All participants were subjected to algometry and venous blood sampling to qualify. The participants were aged between 18 and 65 years with the capacity to perform the bicycle test. An analog Fisher ergometer and bicycle ergometers were used in this study. The participants were to engage in a submaximal aerobic bicycle test followed by blood sampling (Meeus et al., 2010). The study indicated lower pain thresholds for CLPB patients than for CFS and healthy participants before the exercise. After the training exercise, the pain threshold for CFS patients decreased while it elevated for CLPB and healthy patients. No relationship between pain threshold and nitric oxide was established for either group.

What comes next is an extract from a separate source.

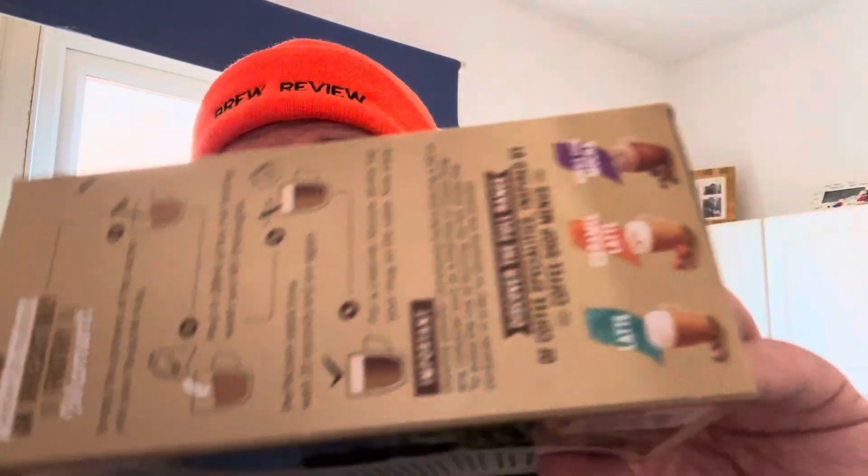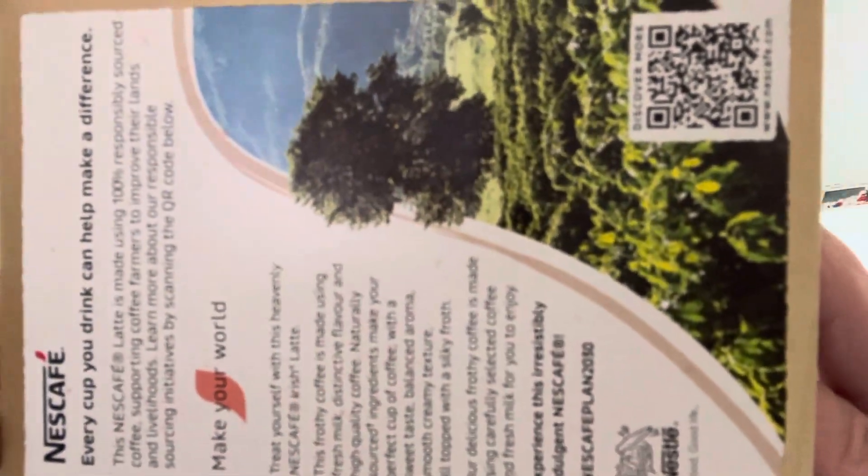Hmm, eight sachets for your buck. I think this was more than they usually pay — £3.25 I think. Those of you who like the information on the side, back, side...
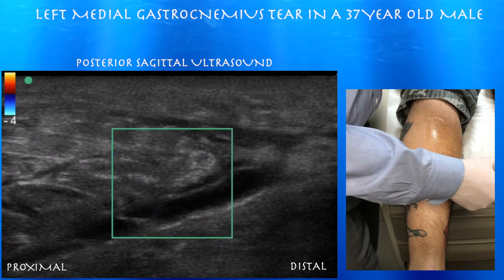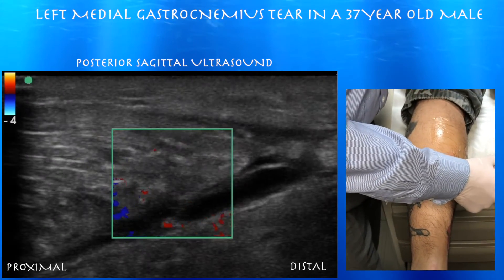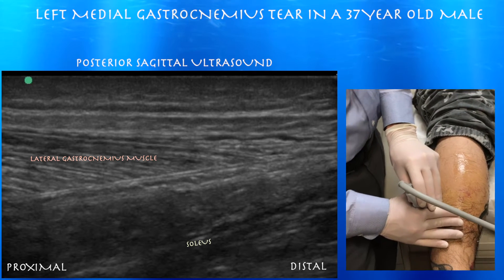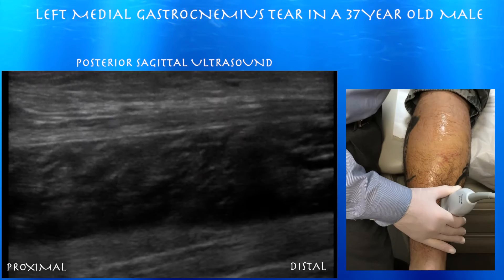You want to make sure this is not a venous structure, which color Doppler confirms — you don't see any flow in this anechoic area. Here's the lateral gastrocnemius muscle, the tip of it, which looks okay. Not seeing anything abnormal. The patient is not as tender over here — normal-looking lateral gastrocnemius muscle.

Nijs et al. (2012) study examines the relationship between catastrophic thinking and stair climbing performance for people with CFS. The study is significant for developing rehabilitation to assist people with CFS to start performing stair climbing activities they previously assumed to be challenging evoking symptom flares. A questionnaire and physical experimentation of samples was the method of experimentation used in the survey. The questionnaire assesses the report of fatigue severity in 19 signs of CFS whereas physical examination compares the patients’ pre-test and post-test symptoms. Subjects of the research included 21 women with CFS aged between 24-60, who were recruited from the Reference Centre for Chronic Fatigue Syndrome of the University Hospital of Antwerp, Belgium. The patients were not exposed to any treatment and were not prescribed anything.

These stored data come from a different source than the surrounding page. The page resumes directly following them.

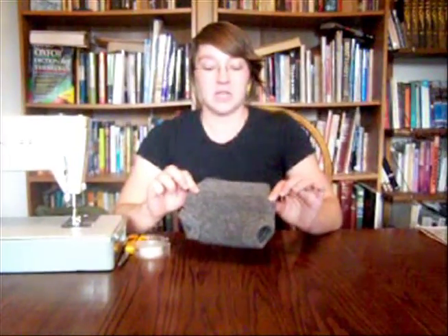Hi, I'm Meg, and Mel asked me to do a video about how to make these wool soakers. They cover cloth diapers, and you can find the pattern at katrinasqs.blogspot.com, and we'll put a link under the video. They're really easy to make, and I'm evidence of that because I've never sewed anything before.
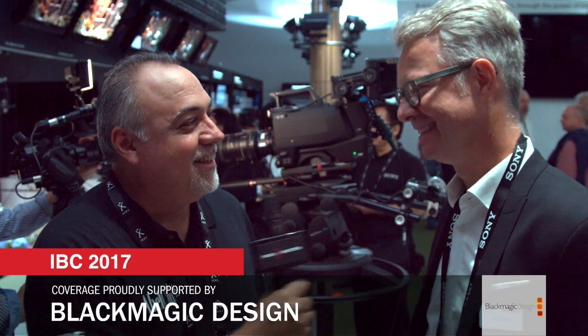I'm Eric Nase with newshooter.com and I'm here at IBC 2017 at the Sony booth, joined with Klaus Pfeiffer. We have a very interesting camera behind us — an 8K broadcast camera. Talk to me a little bit about this new camera.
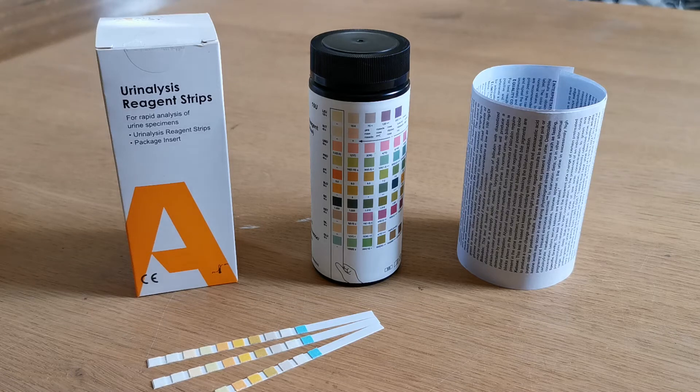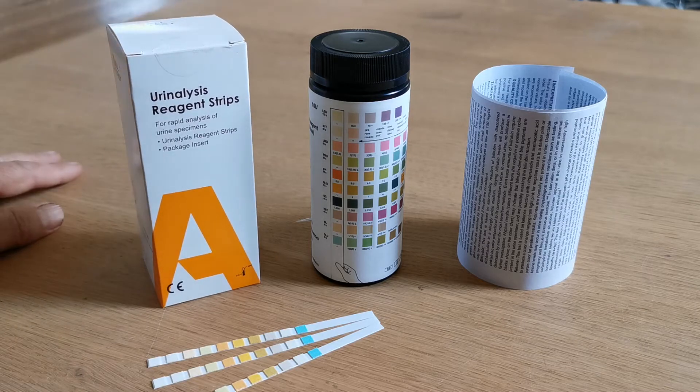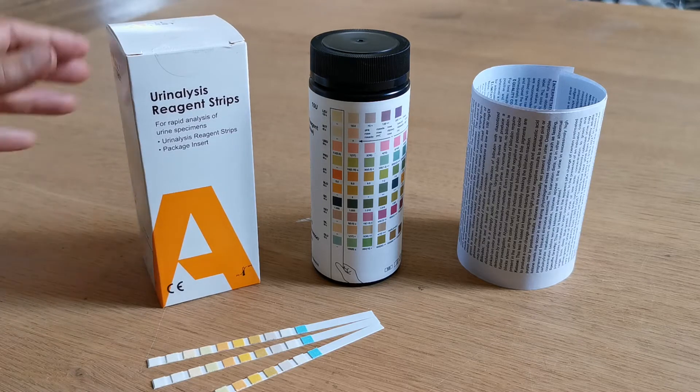Welcome to this Valumed presentation where we're going to show you the AllTest URS 10U. This is a urine testing strip packed by AllTest, which is one of the leading biotech manufacturers globally.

In the experimentation, the patients rated the anticipated pain levels after the task on the Visual Analogue Scale (VAS). Additionally, the participants were to fill out the Medical Outcomes Short Form 36 (SF-36) fitness evaluation, Checklist Individual Strength (CIS), a list of CFS signs, and the Tampa Scale for Fatigue (TS-fatigue) to examine the severity of fatigue and pain. VAS, TS fatigue, Tampa Scale Kinesiophobia Version of CFS (TSK-CFS), and Jacob-Fatigue Catastrophizing Scale (J-FCS) are the equipment used in the study (Nijs et al., 2012). The physical exercise involved stair climbing with a comparison of pre-test and post-test heartbeat rates to identify CFS symptoms.

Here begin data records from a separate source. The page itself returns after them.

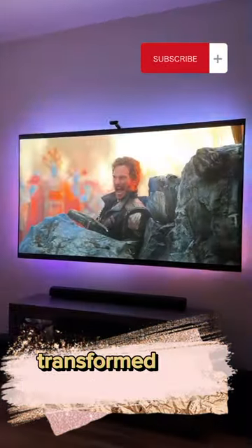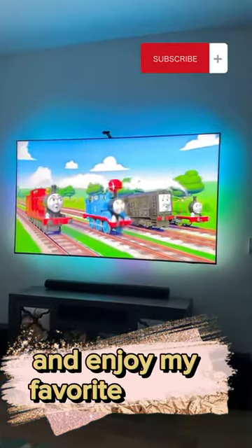These lights have completely transformed the way I watch movies, play console games, and enjoy my favorite shows.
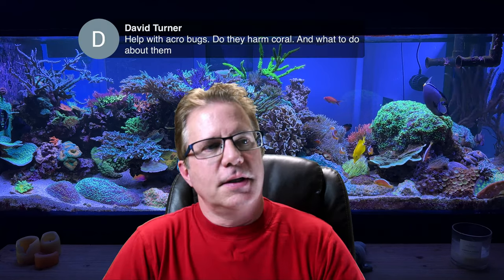David asks about help with Acropora bugs — do they harm the coral and what to do? It depends which ones you're talking about. Red bugs definitely harm the Acros. Amphipods and copepods not so much. Acropora-eating flatworms are definitely a problem. Joe Iulo was recently sharing on Facebook — he has these really white amphipods that don't just run, they jump like fleas, leaping all over the coral super fast. They were destroying corals; colonies of Pocillopora and Acropora were suffering badly. He got a ton of Interceptor and treated his 20,000-gallon reef and got rid of them — it worked.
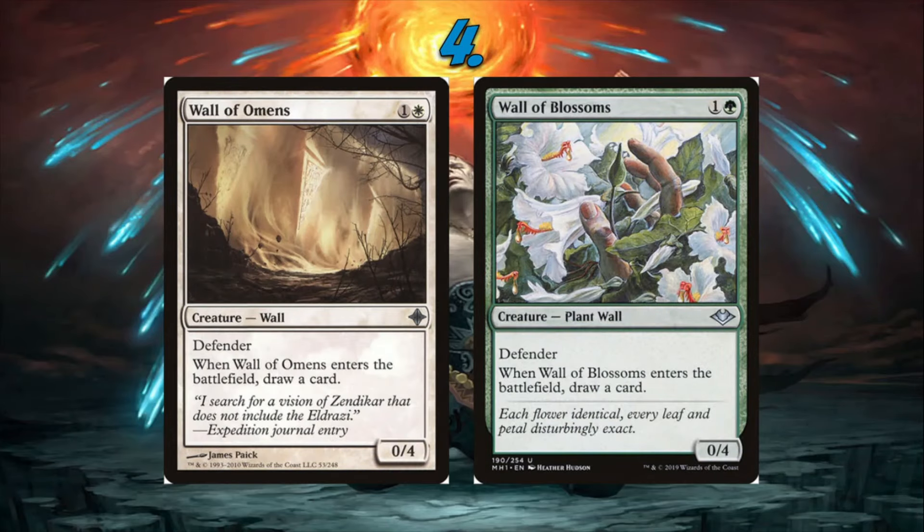Number 4: Wall of Omens / Wall of Blossoms. Similar to Loam Lion and Curd Ape, I'd love to see one of these return. There are some pretty cool wall decks in Pioneer that just don't quite have enough legs, and I think these would help. Beyond that, blue-white control might just play Wall of Omens because it's a 0/4 blocker that draws a card. None of these cards have been in standard in quite some time, and it'd be really cool for them to return to standard and also be legal in the Pioneer format.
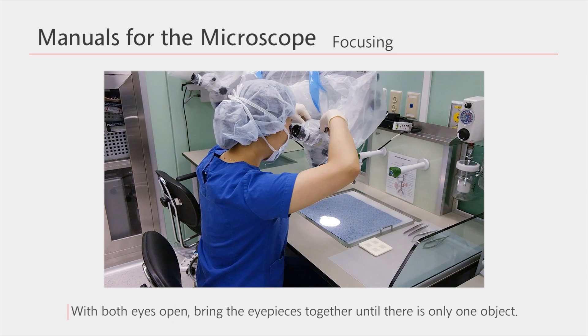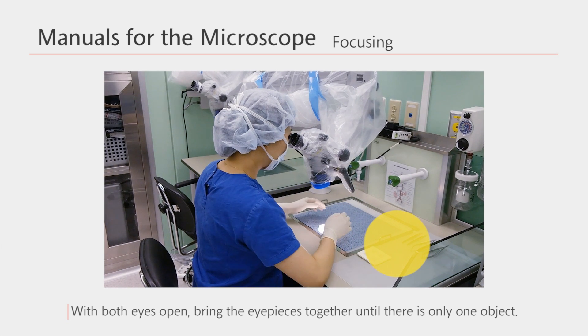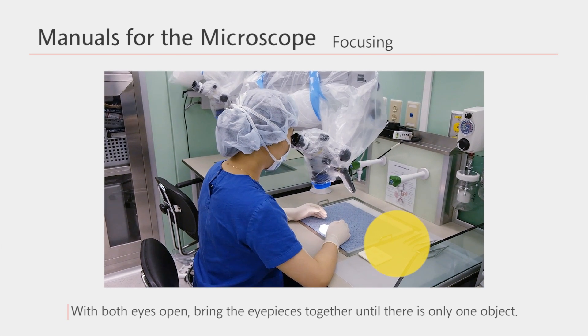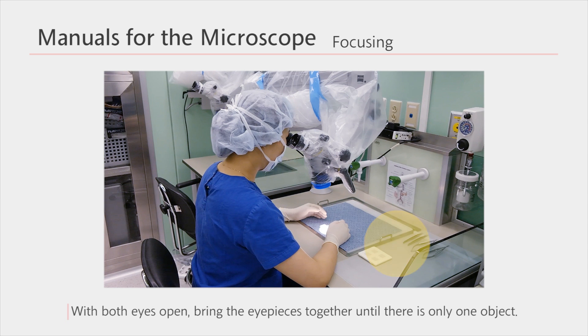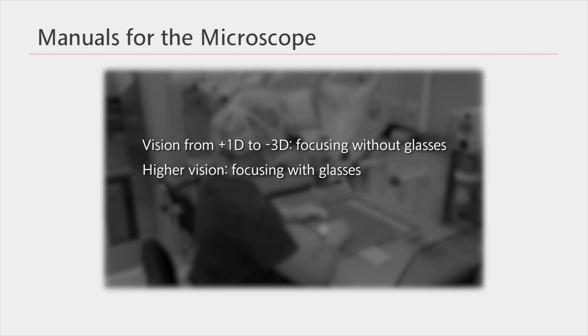Place the other eye on the eyepiece and finish focusing by adjusting the eyepiece. When you're done with focusing both eyes, open both eyes and bring the eyepieces together until the object is not blurry anymore. Near the coarse focus knob of the microscope, you can find the fine focus knob. During the microscopy training, you can adjust the fine focus with this knob. If your vision is from plus 1D to negative 3D, it is better to adjust the focus without glasses. If it's higher, it's better to do so with glasses.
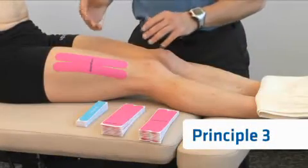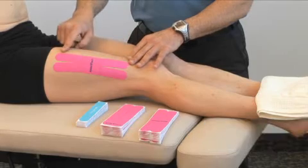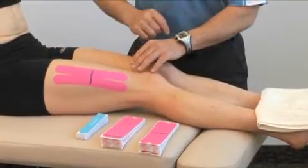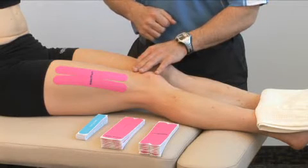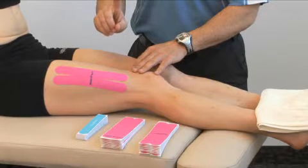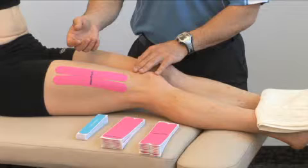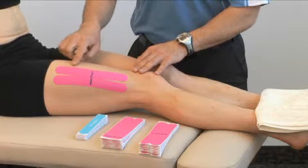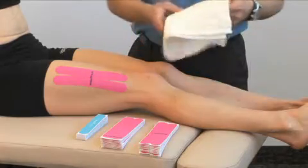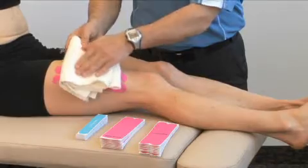For principle number three, once the tape is applied to the skin, it will remain on there for multiple days of continuous wear. We typically recommend about five days of continuous application. The tape should be applied approximately one hour before engaging in strenuous exercise or bathing. Once you have gone into a bathing situation where the tape gets wet, simply take a towel and pat it dry after you get out.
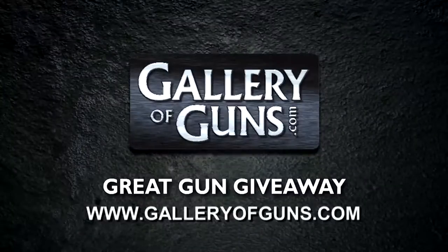Don't go away, everyone. In our last segment, we'll highlight a rifle from Remington that's engineered for accuracy. If you'd like your chance at winning a free gun, all you have to do is go to our website and enter our great gun giveaway. So what are you waiting for? Go to our website right now for your chance to win.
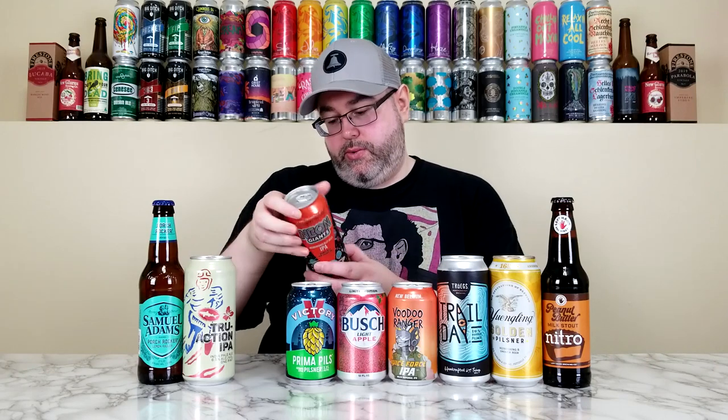Next we have another collaboration, this time between Amagang and Firestone Walker — their Neon Giants, calling it an astronomically hazy IPA brewed with New Zealand hops at 6.5%. They have the hops listed on the back which is pretty cool. It's been a while since I've had an Amagang beer, and I'm looking forward to both of these collaborations.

After the participants filled out the questionnaire, they were to climb and descend two floors of stairs consistently, and their heart rate was monitored during the exercise. The results indicated that stair climbing is threatening to people with CFS; however, the severity of the 19 CFS symptoms does not elevate after the stair climbing exercise. Both TSK-CFS and TS-fatigue results indicate that daily activities did not influence fatigue and catastrophizing for CFS patients.
Both articles are comprehensible to understand how CFS symptoms relate to exercises, pain threshold, and catastrophic thinking. The articles have given me more insight into how CFS patients respond to pain and how exercising to produce nitric oxide can improve the pain threshold. The authors accomplish their purpose by using scientifically verified methods to establish the results of all parameters they were testing. I support the evidence of the articles, and I can apply the knowledge in conducting evidence-based research and assisting patients with CFS in my practice.
Meeus, M., Roussel, N.A., Truijen, S., & Nijs, J. (2010). Reduced pressure pain thresholds in response to exercise in chronic fatigue syndrome but not in chronic low back pain: An experimental study. Journal of Rehabilitation Medicine, 42(9), 884-890.
Nijs, J., Meeus, M., Heins, M., Knoop, H., Moorkens, G., & Bleijenberg, G. (2012). Kinesiophobia, catastrophizing and anticipated symptoms before stair climbing in chronic fatigue syndrome: An experimental study. Disability and Rehabilitation, 34(15), 1299-1305.